#### [Task details]
Exactly as they appear, retype the lines from the one containing "Handyhülle Silikon Hülle" through the final line of the data below. Leave pictures out.

#### [Provided information]
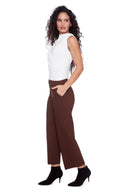 Brown Textured Techno Crop Pant – Side View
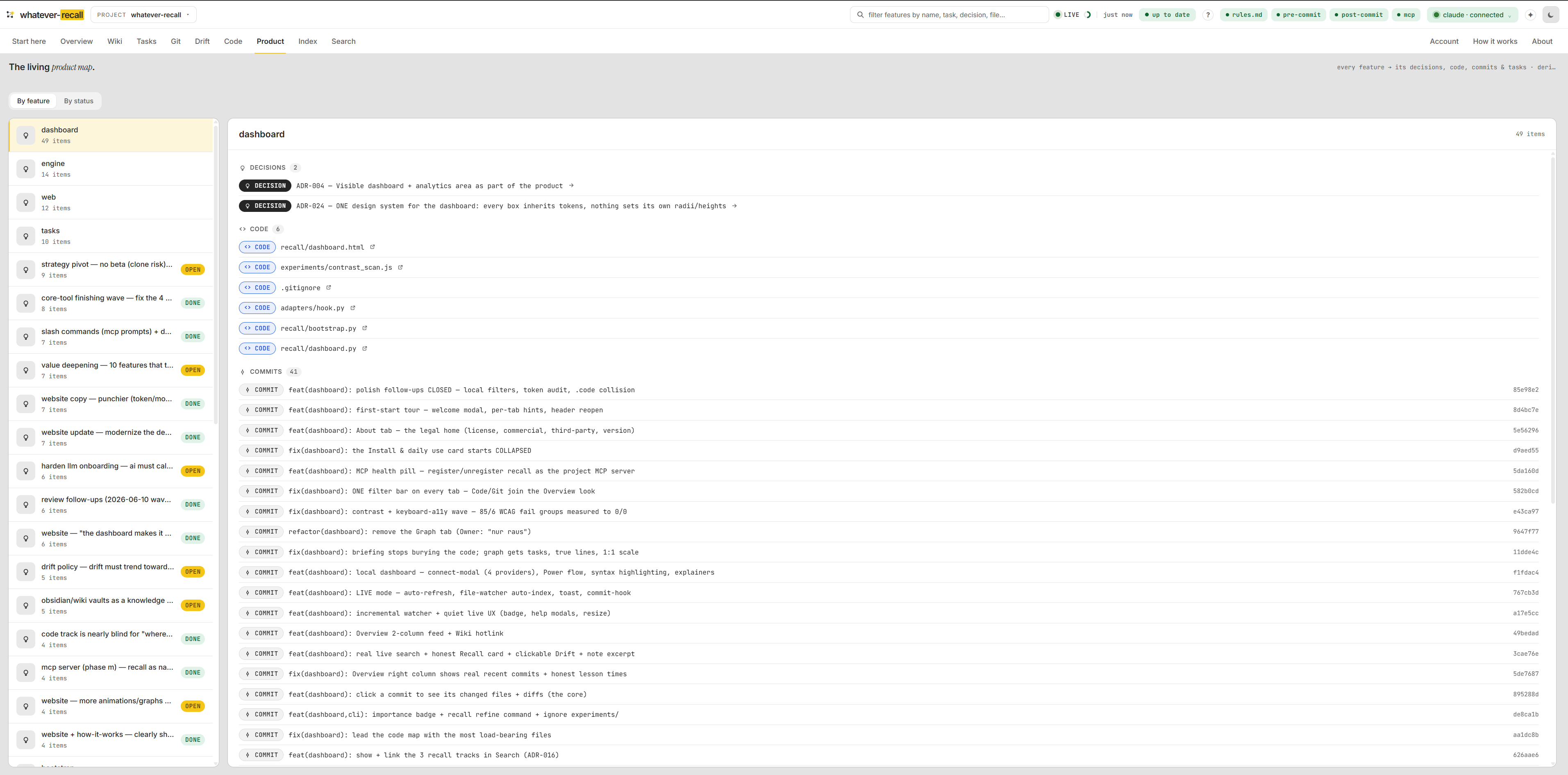 Every decision, in one place. — the Product tab of the recall dashboard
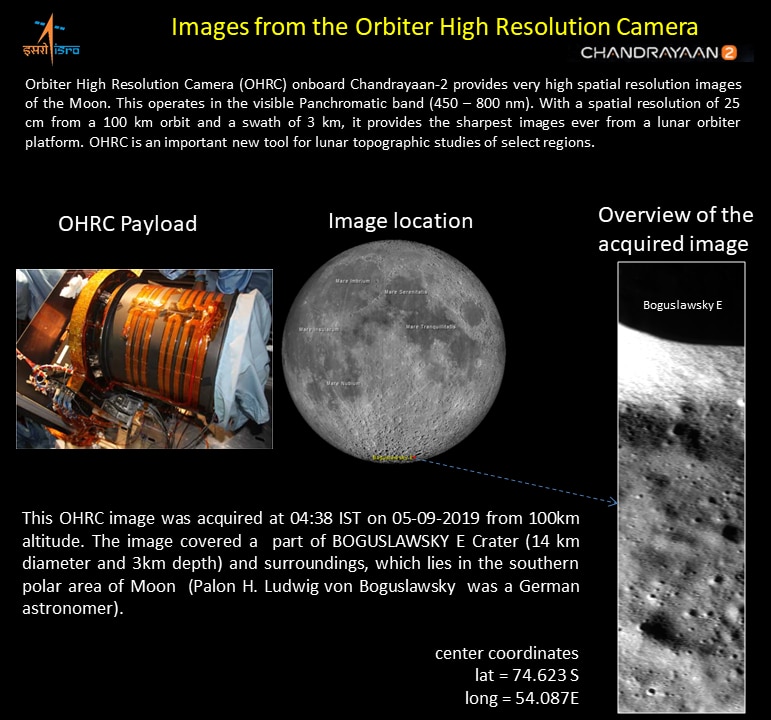 ISRO發布月球照片。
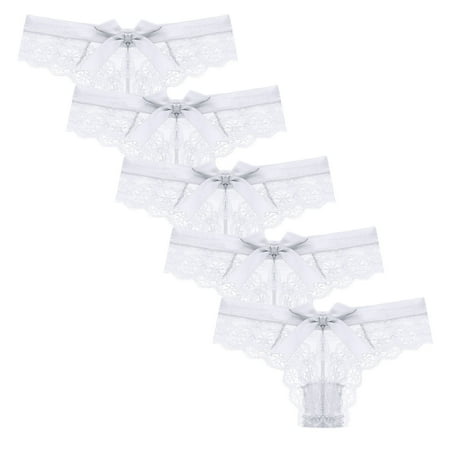 

VONCOS Lace Sexy Erotic Thong Women s Sexy Underwear Lace Bow Bikini Panties Pearl Silky Comfy Lace Brife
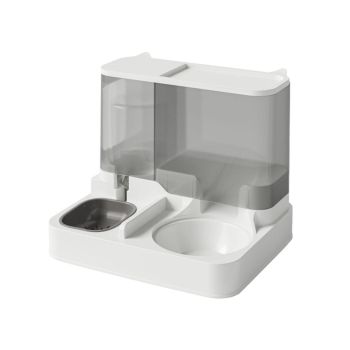 Automatic Cat Feeder Water Dispenser All in One Plastic Bowl for Cats and Dogs - Grey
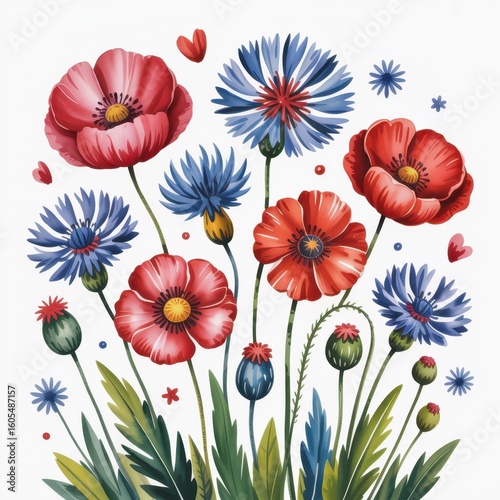 Colorful Watercolor Flowers in a Charming Garden Setting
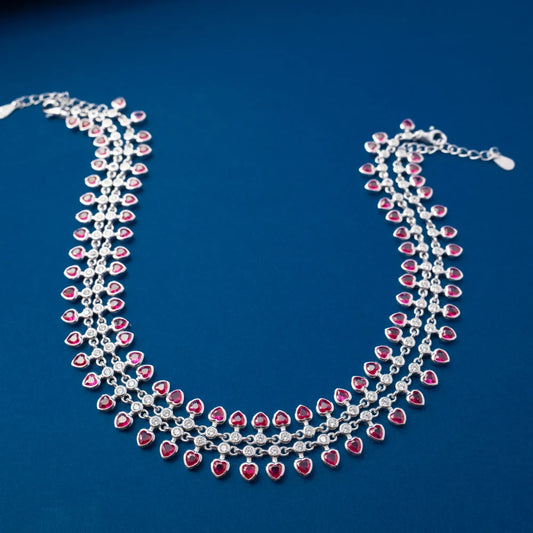 Silver Pink Crystal Tennis Anklet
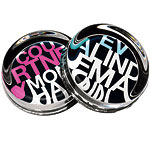 Crystal name paperweights, available in six colors, Anarchy NYC.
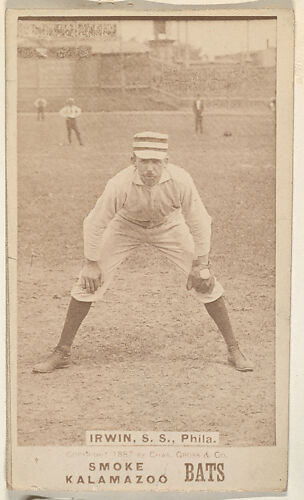 Irwin, Shortstop, Philadelphia, from the Kalamazoo Bats series (N690) issued by Chas. Gross & Co. to promote Kalamazoo Bats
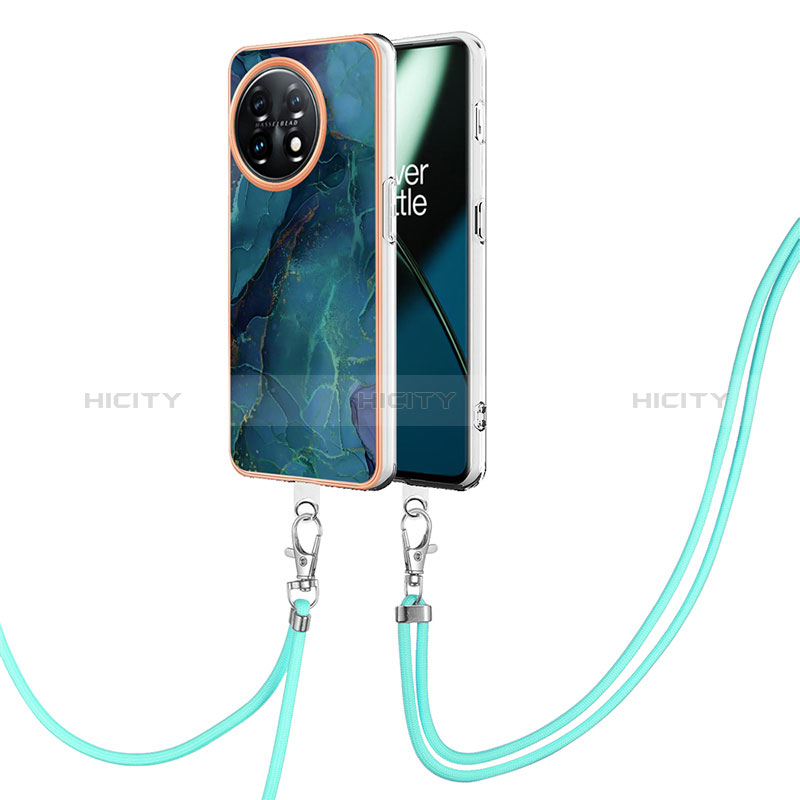 Handyhülle Silikon Hülle Gummi Schutzhülle Flexible Modisch Muster mit Schlüsselband Lanyard Y07B für OnePlus 11 5G groß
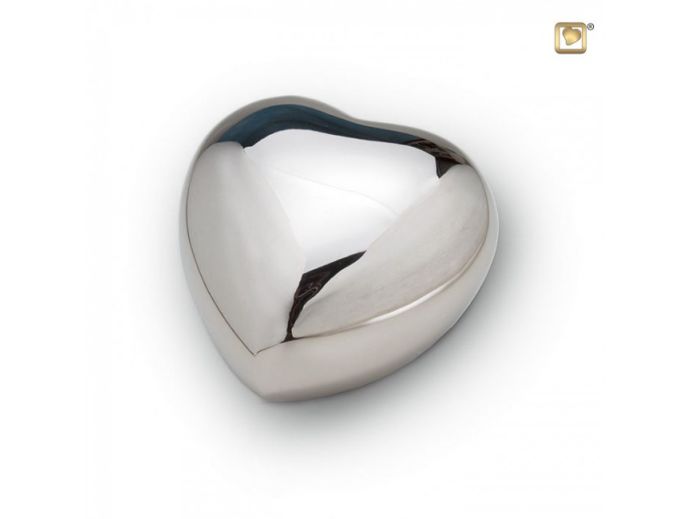 Messing keepsake hart zilver, glanzend foto 1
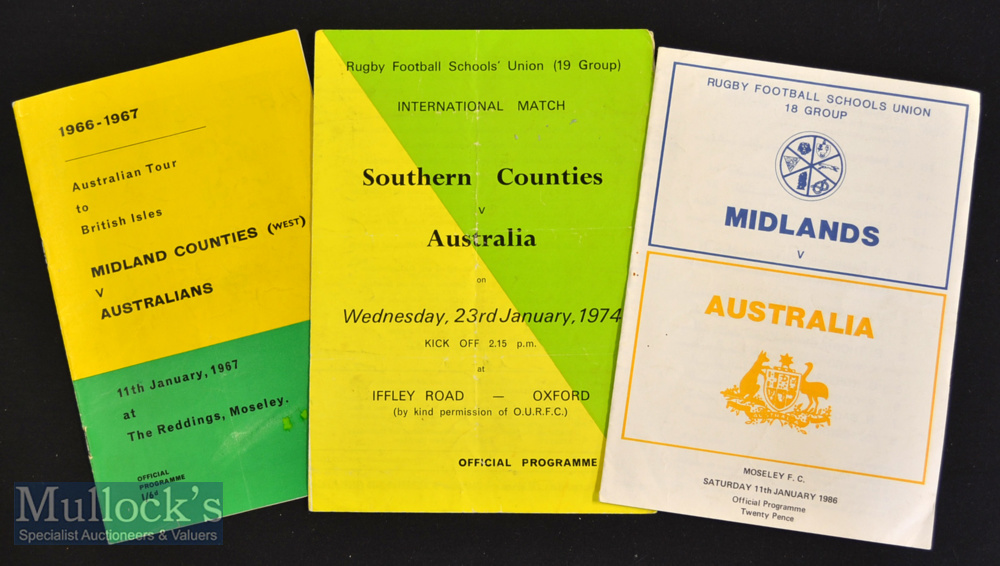 1967-1986 Australians in England Rugby Programmes (3): 1967 Midland Counties (West) v the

#### [Response area]
 Handyhülle Silikon Hülle Gummi Schutzhülle Flexible Modisch Muster mit Schlüsselband Lanyard Y07B für OnePlus 11 5G groß
 Messing keepsake hart zilver, glanzend foto 1
 1967-1986 Australians in England Rugby Programmes (3): 1967 Midland Counties (West) v the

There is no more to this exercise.